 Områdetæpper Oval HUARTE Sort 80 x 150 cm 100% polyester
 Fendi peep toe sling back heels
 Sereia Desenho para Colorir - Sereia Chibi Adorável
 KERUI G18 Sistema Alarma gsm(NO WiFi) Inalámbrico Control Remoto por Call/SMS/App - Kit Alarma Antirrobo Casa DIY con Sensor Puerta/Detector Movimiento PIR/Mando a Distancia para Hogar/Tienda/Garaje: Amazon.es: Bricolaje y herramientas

* * *

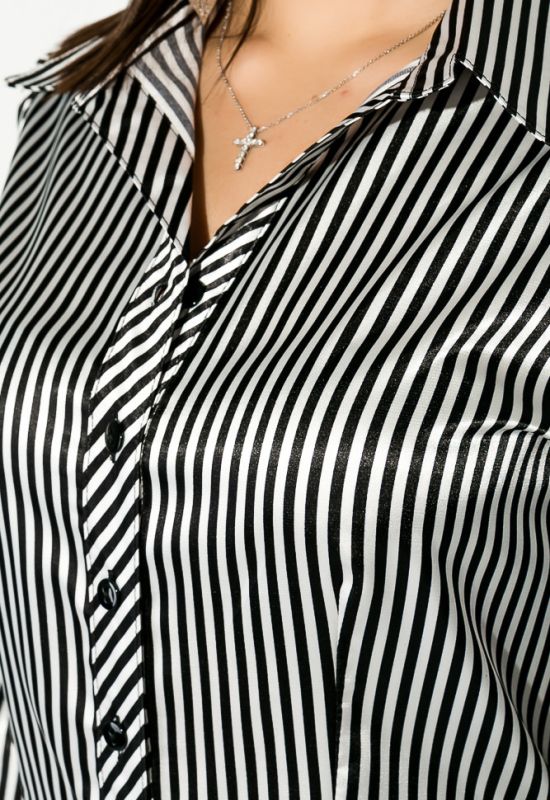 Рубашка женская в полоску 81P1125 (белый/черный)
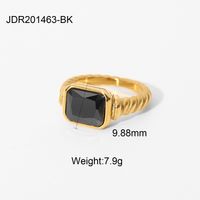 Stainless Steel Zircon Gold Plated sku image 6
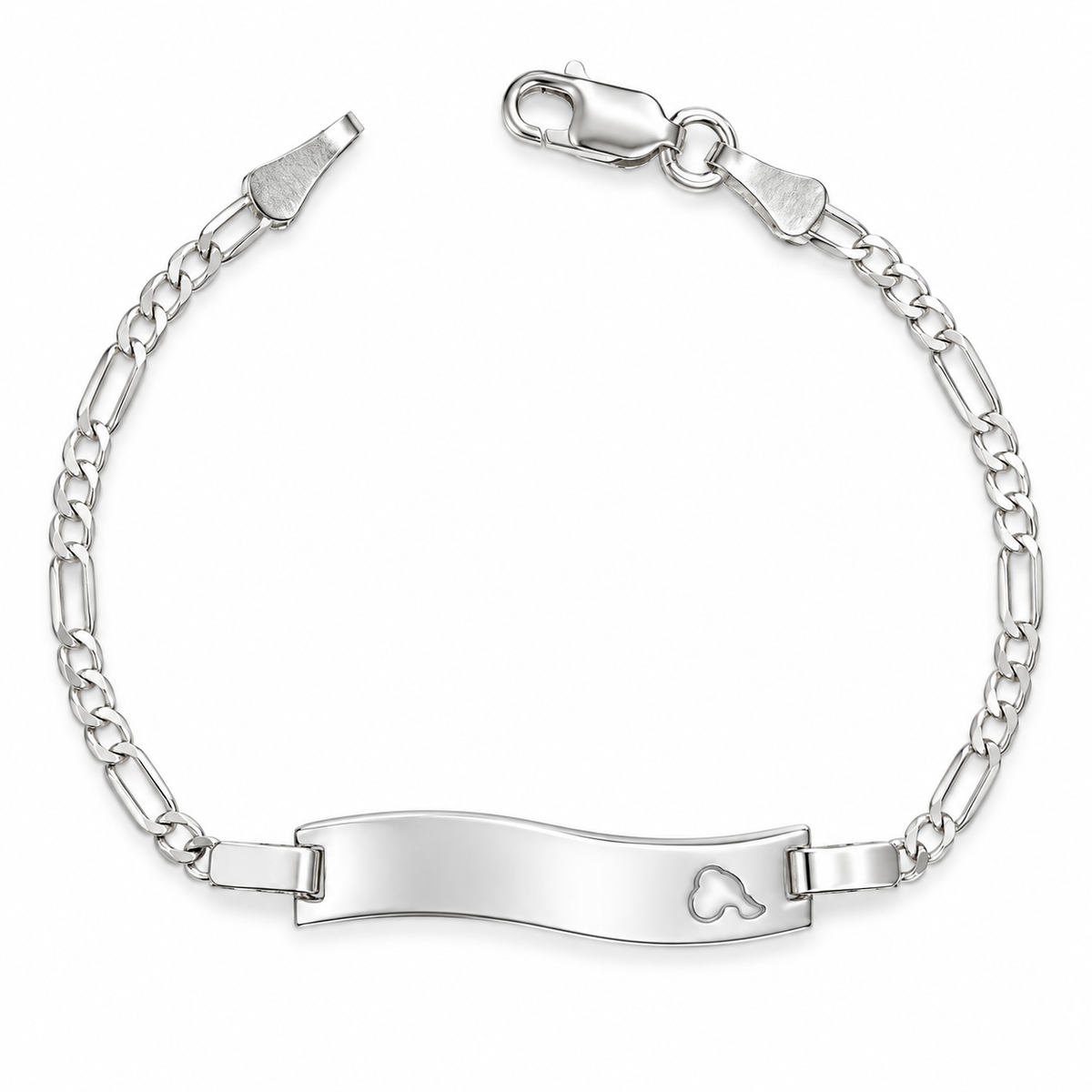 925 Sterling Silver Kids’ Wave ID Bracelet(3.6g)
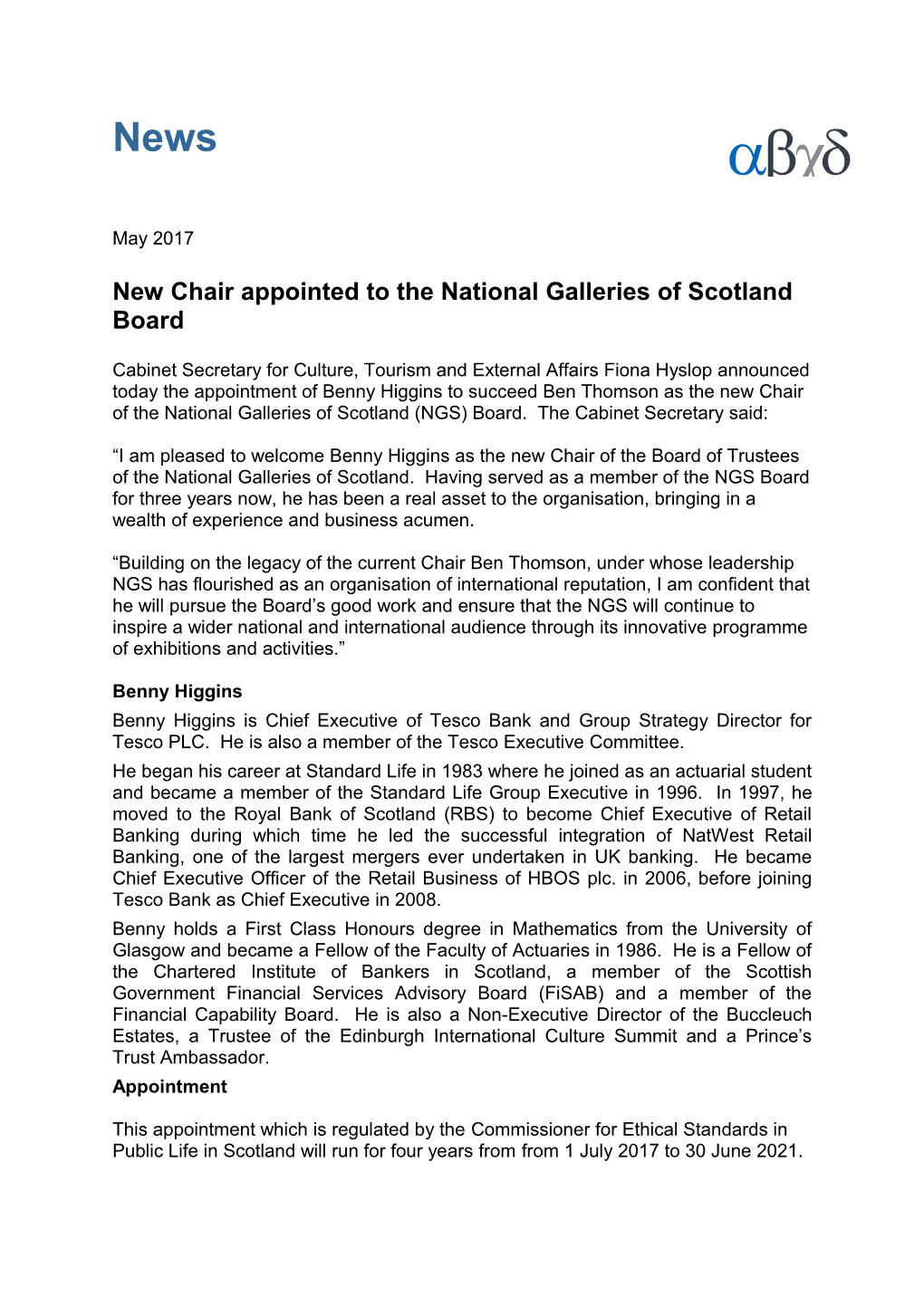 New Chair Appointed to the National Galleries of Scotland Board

--

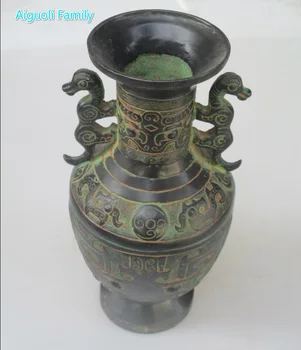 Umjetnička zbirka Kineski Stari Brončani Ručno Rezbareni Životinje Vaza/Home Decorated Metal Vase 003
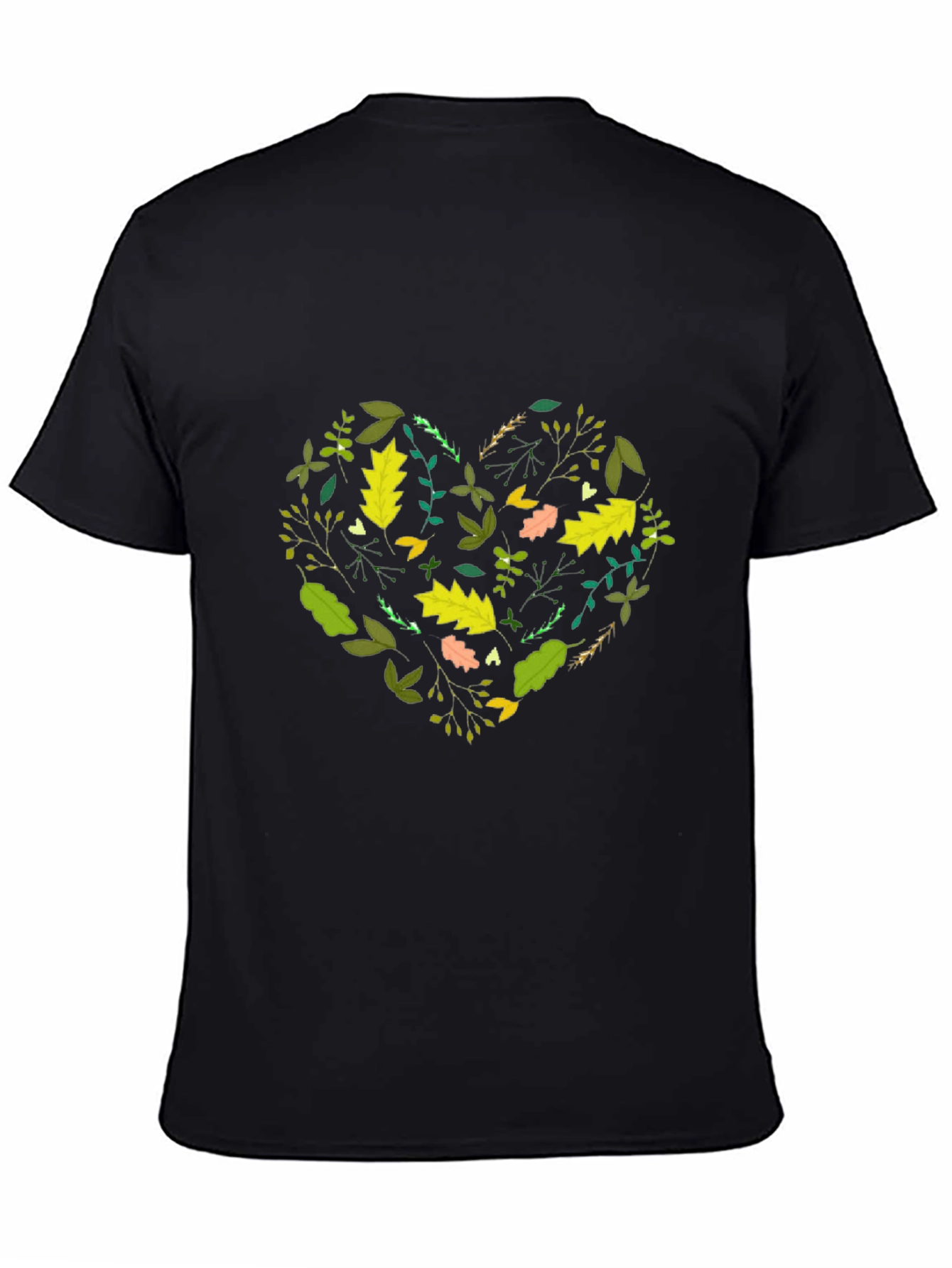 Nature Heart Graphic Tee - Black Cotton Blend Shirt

* [ASSIGNED TASK]:
What you return must be an exact retyping of the lines above starting at the line with "Fendi peep toe sling back heels" and ending at the line with "KERUI G18 Sistema", and nothing besides.

* [ANSWER SPACE]:
 Fendi peep toe sling back heels
 Sereia Desenho para Colorir - Sereia Chibi Adorável
 KERUI G18 Sistema Alarma gsm(NO WiFi) Inalámbrico Control Remoto por Call/SMS/App - Kit Alarma Antirrobo Casa DIY con Sensor Puerta/Detector Movimiento PIR/Mando a Distancia para Hogar/Tienda/Garaje: Amazon.es: Bricolaje y herramientas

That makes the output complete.